GOAL OF THE EXERCISE.
Line by line, give the data again exactly as it appears, but without pictures.

SUPPLIED MATERIAL.
****************************************
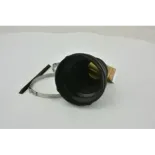 FEBEST 2715P-XC90F Fuelle, árbol de transmisión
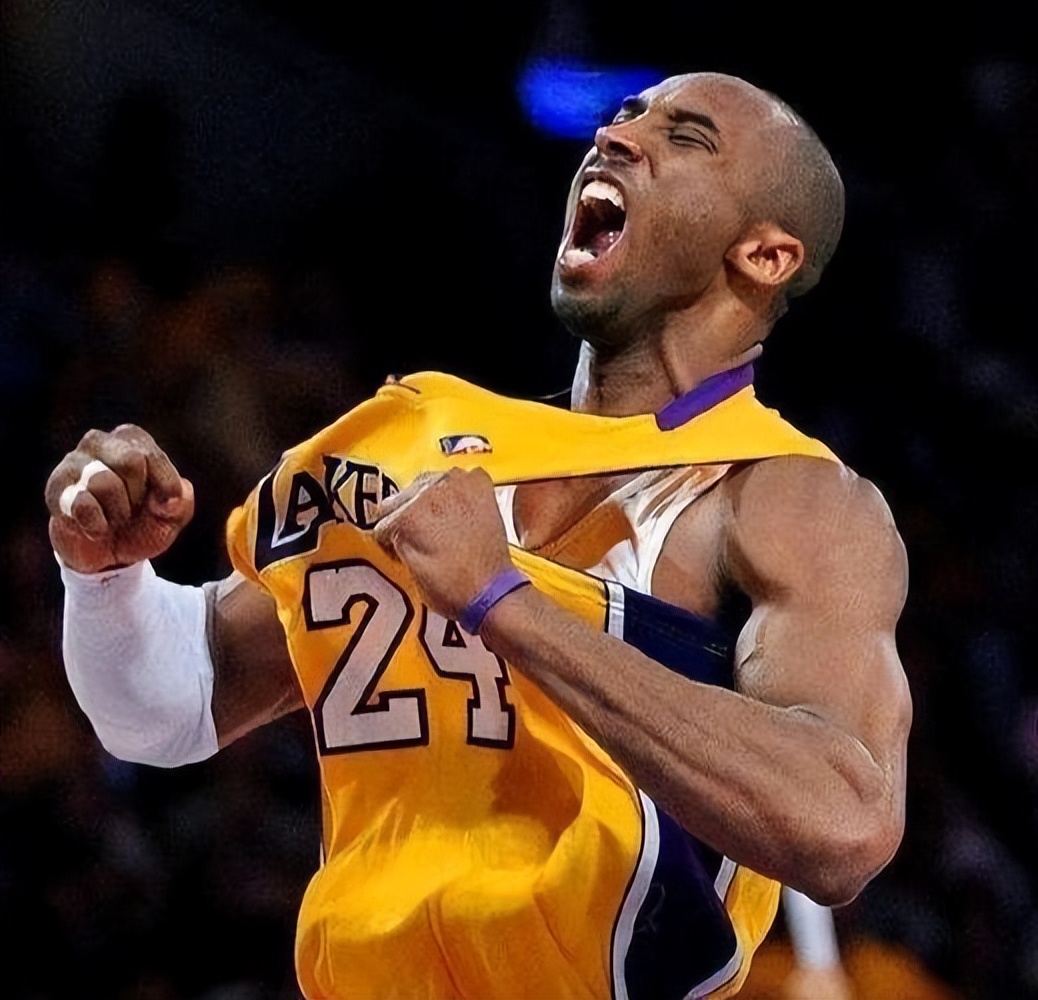 nba身体素质不强适合打几号位,在nba打篮球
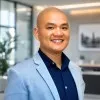 Hy Nguyen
****************************************
THE COMPLETED TASK.
 FEBEST 2715P-XC90F Fuelle, árbol de transmisión
 nba身体素质不强适合打几号位,在nba打篮球
 Hy Nguyen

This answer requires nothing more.